Portfolio | Koehn AI

Acoustic Monitoring for Predictive Maintenance of Turbines

Wed, 04 Jun 2025 00:00:00 +0000

Acoustic Monitoring and Predictive Maintenance in Turbines

Predictive maintenance leverages advanced data analysis and machine learning to monitor equipment health, enabling early detection of emerging faults before they lead to costly downtime or catastrophic failures. By transforming raw sensor data into actionable insights, organizations can optimize maintenance schedules, reduce unplanned outages, and extend the life of critical assets. This proactive approach lowers operational costs while enhancing safety and reliability in demanding industrial environments.

Client Profile and Context
The client is a leading turbine manufacturer with turbines in service. They commissioned a research project to advance predictive maintenance using microphone-based acoustic monitoring. The goal was to explore unsupervised generative methods that learn reference audio spectra conditioned on operating state, using turbine acoustics and operational parameters, so that real acoustic emissions can be compared with modeled spectra, with a particular emphasis on out-of-domain performance.

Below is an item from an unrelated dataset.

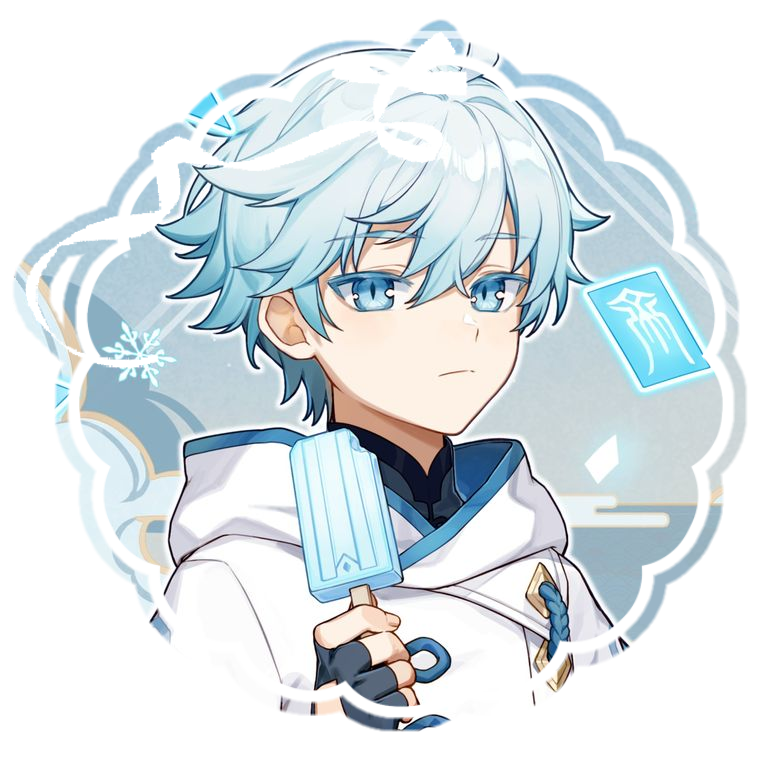 chongyun – genshin impact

Challenge The research team needed to develop generative models that represent normal turbine acoustics without relying on labeled fault data. Acoustic information originated from externally fitted microphones and was available as spectrograms with predefined frequency resolution rather than raw audio, paired with internal machine and ambient parameters. Selecting appropriate conditioning variables, such as inlet guide vane position, load and compressor inlet temperature, was essential to keep generated spectra physically plausible across operating regimes. High noise levels and the absence of labeled anomalies made learning and evaluation difficult. The team therefore pursued a robust unsupervised approach aimed at producing realistic reference spectrograms with out-of-domain generalization under varied turbine conditions, establishing the basis for future anomaly detection.

Our Approach and Solution
We began by conducting extensive exploratory data analysis (EDA) on spectrograms derived from externally fitted microphones. Dimensionality reduction, using Principal Component Analysis (PCA), indicated that inlet guide vane position and compressor inlet temperature were the primary drivers of separable operating domains. Data preparation involved selecting frequency bands with optimal signal-to-noise ratios and restricting records to normal operating conditions, with out-of-domain regimes held out for evaluation. Exponential mapping and logarithmic inversion prevented non-physical spectrogram values. Visualizations in Python with Plotly guided our feature-engineering decisions.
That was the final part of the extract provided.